Tiba di rumah pukul 20.00, perut ini sudah krucuk-krucuk, bapaknya Justine yang membukakan pintu. Michel namanya, orangnya ramah. Di meja makan sudah tersedia canard (bebek) goreng yang menggugah selera. Michel adalah seorang sopir bus yang sedang melaksanakan pendidikan sebagai sopir tram. Di Brest sedang dibangun sistem transportasi tram yang akan beroperasi pada bulan Juni nanti, dan Michel adalah salah satu calon sopir tram. Namun, dulunya Michel pernah bekerja di restoran cepat saji sehingga Michel tahu bagaimana memasak.

Waktu itu saya belajar bagaimana caranya orang Perancis makan. Semua yang saya pelajari semasa kursus bahasa saya temukan di sini. Dari mulai yang namanya entrée, plat principal hingga desert, Pascale mengenalkannya semua pada saya. Bahkan keesokan harinya saya berkesempatan merasakan yang namanya foie gras, sebuah masakan hati à la Perancis. Hanya satu kata : Enak ! 

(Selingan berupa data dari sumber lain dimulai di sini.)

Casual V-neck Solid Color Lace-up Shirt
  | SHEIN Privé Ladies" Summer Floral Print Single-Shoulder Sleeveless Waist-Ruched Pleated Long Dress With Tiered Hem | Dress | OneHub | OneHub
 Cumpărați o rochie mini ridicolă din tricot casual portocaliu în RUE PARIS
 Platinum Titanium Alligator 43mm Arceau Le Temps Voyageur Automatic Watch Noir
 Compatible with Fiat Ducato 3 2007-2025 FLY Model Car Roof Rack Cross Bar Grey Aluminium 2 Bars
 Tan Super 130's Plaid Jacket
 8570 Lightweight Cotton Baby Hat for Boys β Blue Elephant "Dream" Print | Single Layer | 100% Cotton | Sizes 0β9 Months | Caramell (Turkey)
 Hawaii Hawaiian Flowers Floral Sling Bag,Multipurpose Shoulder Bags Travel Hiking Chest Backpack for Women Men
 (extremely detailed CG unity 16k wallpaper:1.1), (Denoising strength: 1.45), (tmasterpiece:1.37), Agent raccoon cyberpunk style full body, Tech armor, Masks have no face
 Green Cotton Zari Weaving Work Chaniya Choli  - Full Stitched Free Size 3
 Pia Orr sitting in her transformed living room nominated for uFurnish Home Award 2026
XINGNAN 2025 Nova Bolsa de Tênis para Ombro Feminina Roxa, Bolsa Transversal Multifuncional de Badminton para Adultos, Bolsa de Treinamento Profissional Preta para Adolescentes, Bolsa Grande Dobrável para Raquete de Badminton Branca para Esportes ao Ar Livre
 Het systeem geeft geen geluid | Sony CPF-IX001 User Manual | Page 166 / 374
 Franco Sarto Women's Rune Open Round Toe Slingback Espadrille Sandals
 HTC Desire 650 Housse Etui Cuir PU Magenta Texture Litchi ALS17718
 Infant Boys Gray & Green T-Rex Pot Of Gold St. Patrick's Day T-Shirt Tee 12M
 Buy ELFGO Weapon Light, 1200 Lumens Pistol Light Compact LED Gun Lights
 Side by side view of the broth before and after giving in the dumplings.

Sambil makan kami ngobrol, yang tentu saja, didominasi oleh Pascale. Hingga tak terasa desert es krim sudah saya habiskan. Selesai makan saya menaruh barang saya ke kamar. Namun sebelumnya, saya diajak berkeliling rumah oleh Pascale, seperti layaknya tradisi di Perancis. Rumah mereka mungil, namun sangat lengkap. Berada di kapling pojok Jalan Faraday Guilers, rumah itu dikelilingi taman yang luas. Masuk pintu utama, di kanan ada ruang tamu dan ruang baca. Ruang makan dan dapur terletak di bagian belakang, tepat di depan turunan tangga. Ruangan di bawah ruang tamu digunakan sebagai WC, sebuah ide brilian dalam memanfaatkan ruangan yang kecil. Dapur mereka cukup lapang, didominasi warna putih, lengkap dengan peralatan memasak modern, termasuk mesin pencuci piring. Keluar dapur tembus ke garasi yang dimanfaatkan sebagai gudang. Mobil Michel diparkir di carport, sedangkan mobil Pascale di jalan depan rumah.

Naik tangga, di sana ada empat ruang tidur satu kamar mandi dan satu WC. Di Perancis, antara kamar mandi dan WC selalu dipisah, termasuk di kapal. Saya tidur di kamar kakaknya Justine. Terlihat banyak mainan anak-anak di dalam kamar, karena kakaknya Justine mempunyai anak perempuan umur 5 tahun. Namun mereka tinggal di kota lain, hanya setahun sekali mungkin mereka pulang ke Guilers. Kamar Justine didominasi warna merah nila, cukup berantakan, terlihat baju-baju di lantai siap dipak, entah hendak dipak ke mana. Kamar Pascale ada di sisi kanan tangga. Sedangkan kamar satu lagi digunakan sebagai tempat komputer. Lantai 2 rumah mereka berada di dalam plafon, jadi pada saat di luar kita melihat rumah ini seperti satu lantai saja, tetapi ketika di dalam ternyata ada dua lantai.

Setelah beres-beres dan mandi, saya dan Pascale ke ruang komputer. Di sana Pascale menunjukkan foto-foto keluarga, dari mulai Justine masih kecil sampai foto saudara-saudaranya. Pascale orangnya senang bercerita hingga saya lama-lama mengantuk sendiri. Tak terasa sudah jam 12 dan kami pun menyudahi obrolan malam itu.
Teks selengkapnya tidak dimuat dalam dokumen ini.